Monday, 20 February 2012

Bulk Import (Insert and Update) using BULK INSERT and MERGE Statements in SQL Server 2008


In some projects, we may have bulk import functionality to a table which is already exist with our system. SQL Server given lots of facilities for importing data into the database, some are –
  1. Using bcp Utility
  2. Using BULK INSERT statement
  3. Using OPENROWSET
  4. Etc.,
In this post I am going do bulk import using BULK INSERT and MERGE statements. We use both BULK INSERT and MERGE statements as this implementation not only used for inserting the records, also for updating records if already exist.

So the use case will be as below –
  1. The input for the bulk import would be either .csv file or an .xml file.
  2. The records from the input file will as per the importing table schema. So the values will be able to insert or update without any issue in the same order and data type.
  3. The records from the csv may already present in the table or may not.
  4. When no records present, all the records will be inserted (Ex: initial stage).
  5. If some records are already present, the records will be updated otherwise inserted.

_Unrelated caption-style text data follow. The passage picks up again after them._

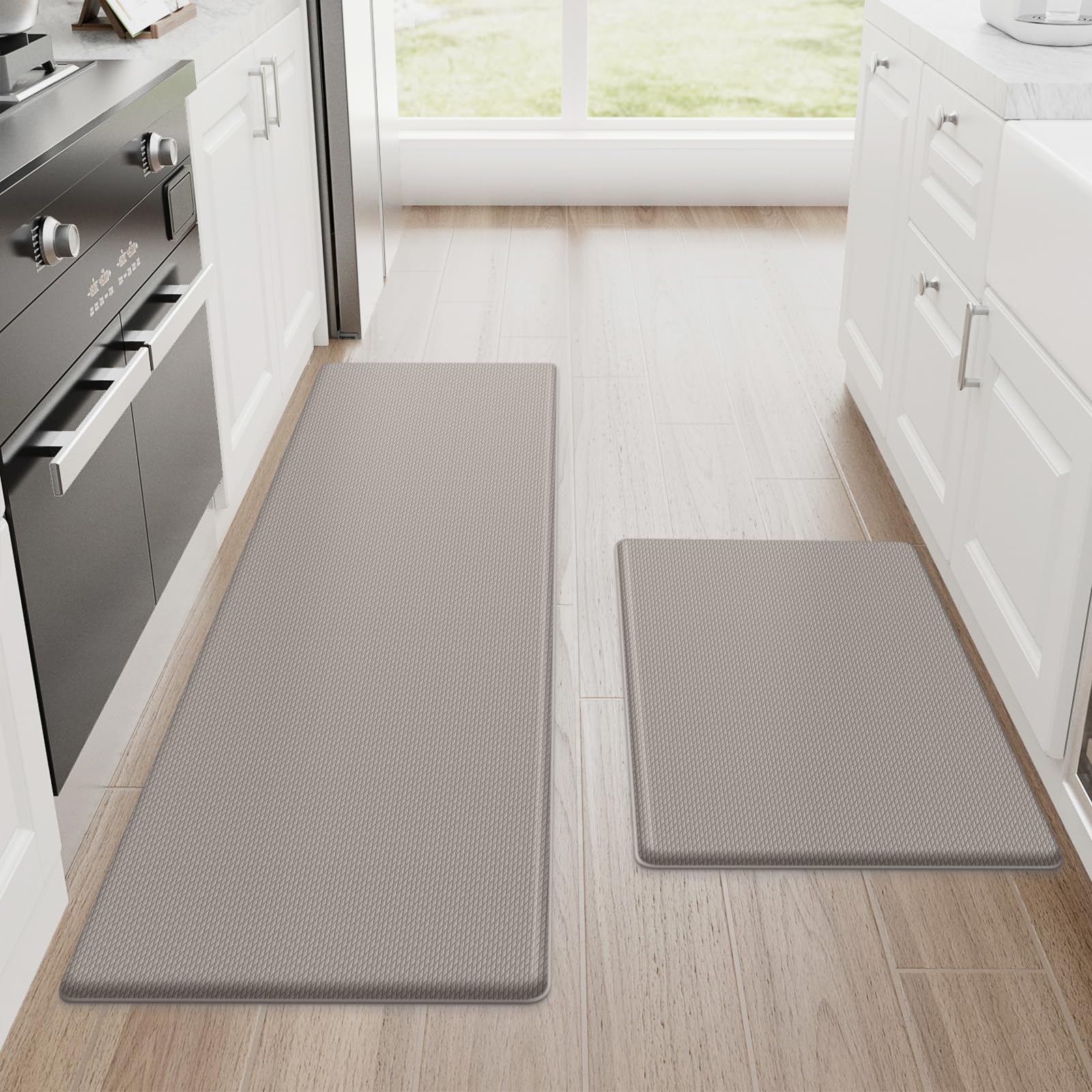 StepRite kitchen mats anti-fatigue close-up showing 0.4-inch cushioning for comfort.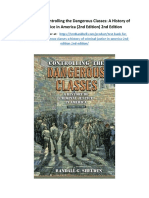 Test Bank For Controlling The Dangerous Classes A History of Criminal Justice in America 2nd Edition 2nd Edition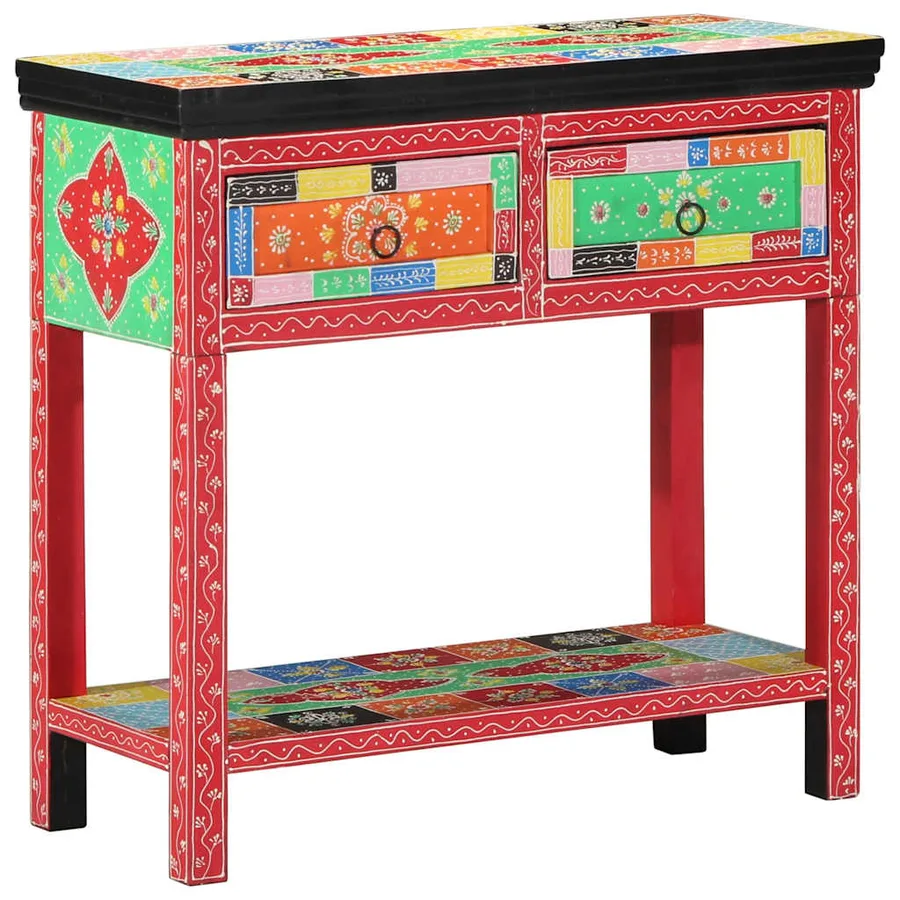 Table console avec tiroir Multicolore 80 x 35 x 76 cm - 6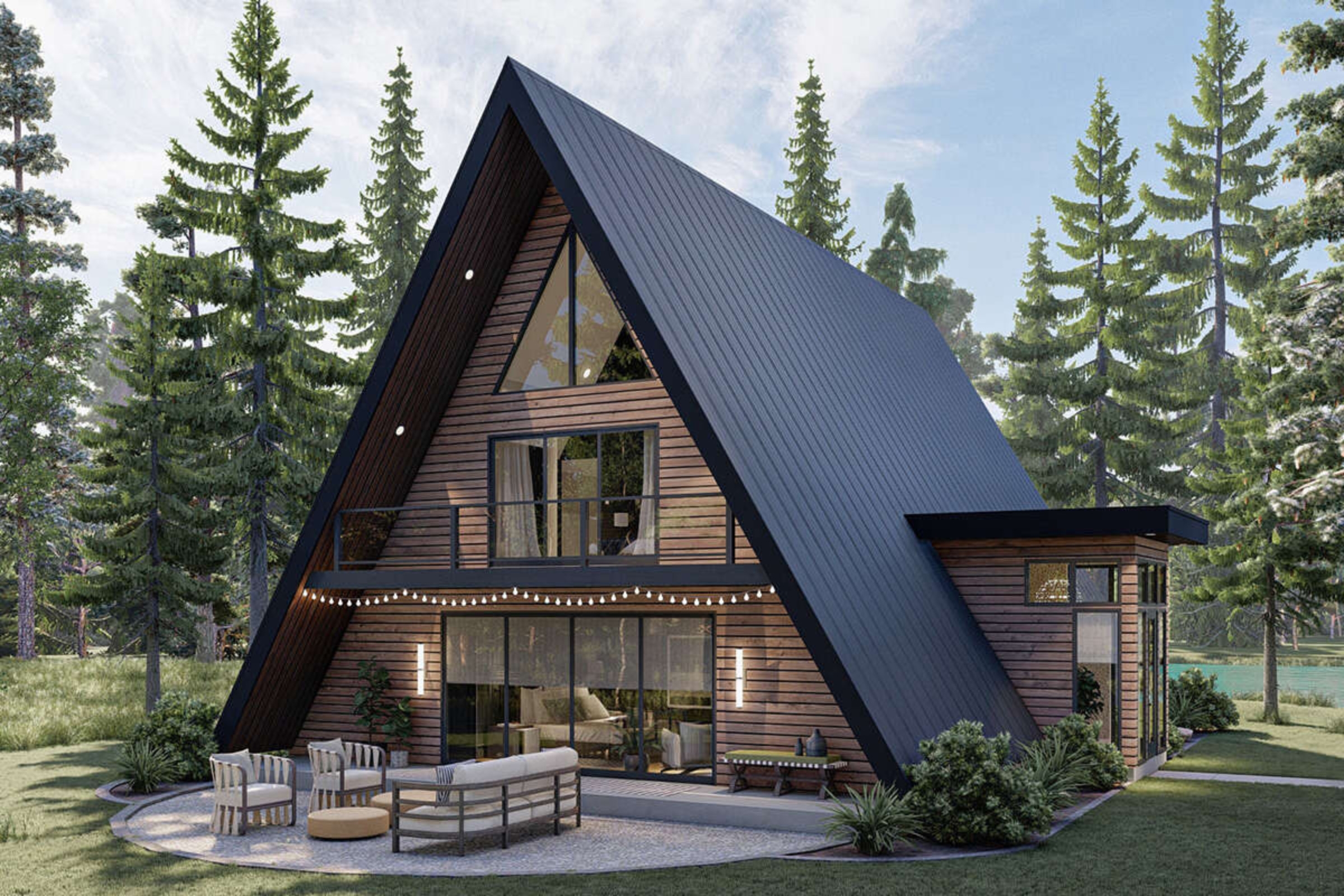 A Frame House Plans Small Cabins Modern Luxury Designs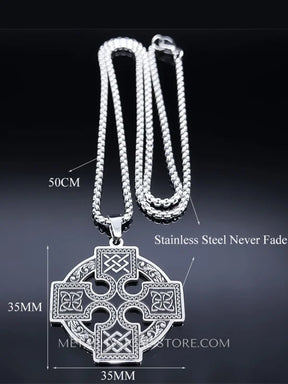 Celtic Knot Cross Necklace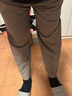 馬登工裝美式空氣感休閑褲男easypants直筒長(zhǎng)褲男士褲子夏季薄款西褲 煙灰綠 【輕奢高級(jí)感/潮流痞帥】 32 曬單實(shí)拍圖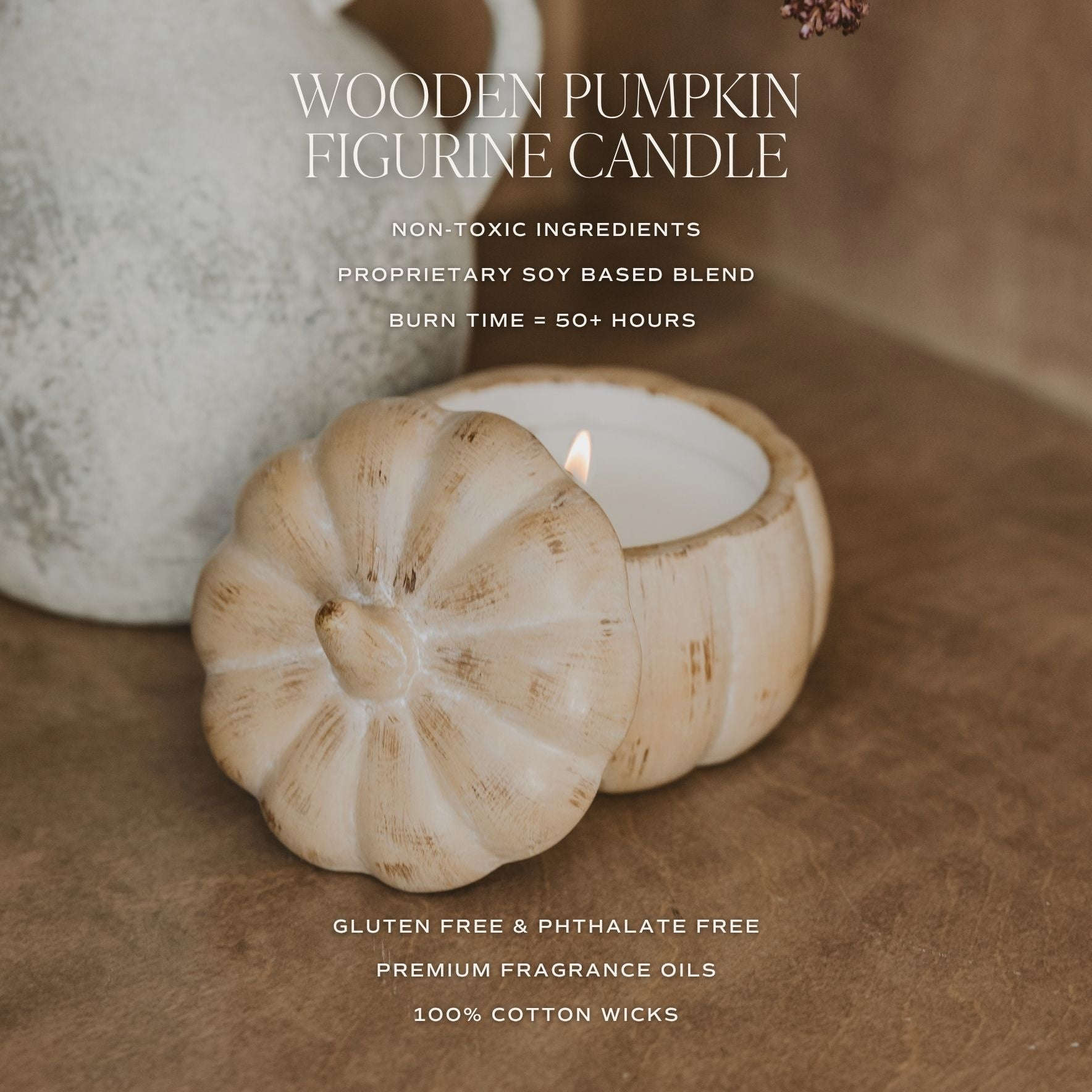 Pumpkin Spice Soy Candle - Ceramic Pumpkin Jar - 8 oz Baskit Bazaar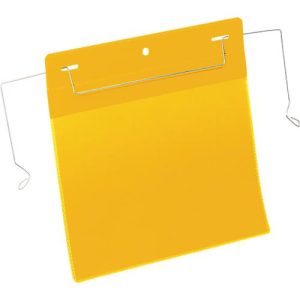 Dokumententaschen mit Drahtbügel, B 210 x H 148 mm (A5 quer), 50 Stück, gelb Dokumententaschen mit Drahtbügel, B 210 x H 148 mm (A5 quer), 50 Stück, gelb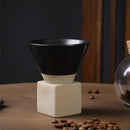 Axyaa Latte Flower Ceramic Coffee Cup Set - Creative Retro Design, Home Tea Collection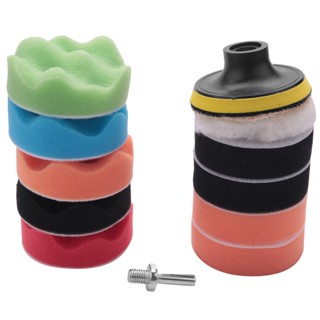 11Pcs 3 inch Waves Buffer Polishing Pad Set For Car Polisher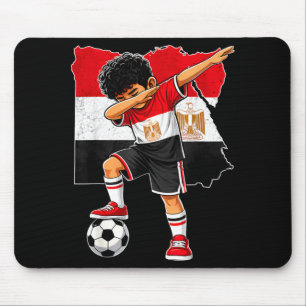 Dabbing Fußball Ägypten Trikot Junge Ägypter Junge Mousepad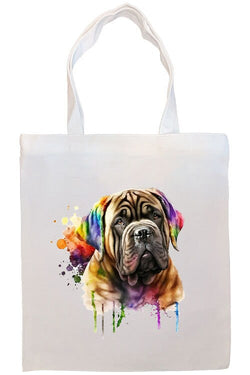 Canvas Tote Bag, Zippered With Handles & Inner Pocket, "Mastiff"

Note: This implementation will work only from SQL Server 2008 and later versions (as MERGE statement introduced from SQL Server 2008).

The implementation as follows-

Step 1: I am taking Customer table for importing the records (Customer table created from Northwind database schema).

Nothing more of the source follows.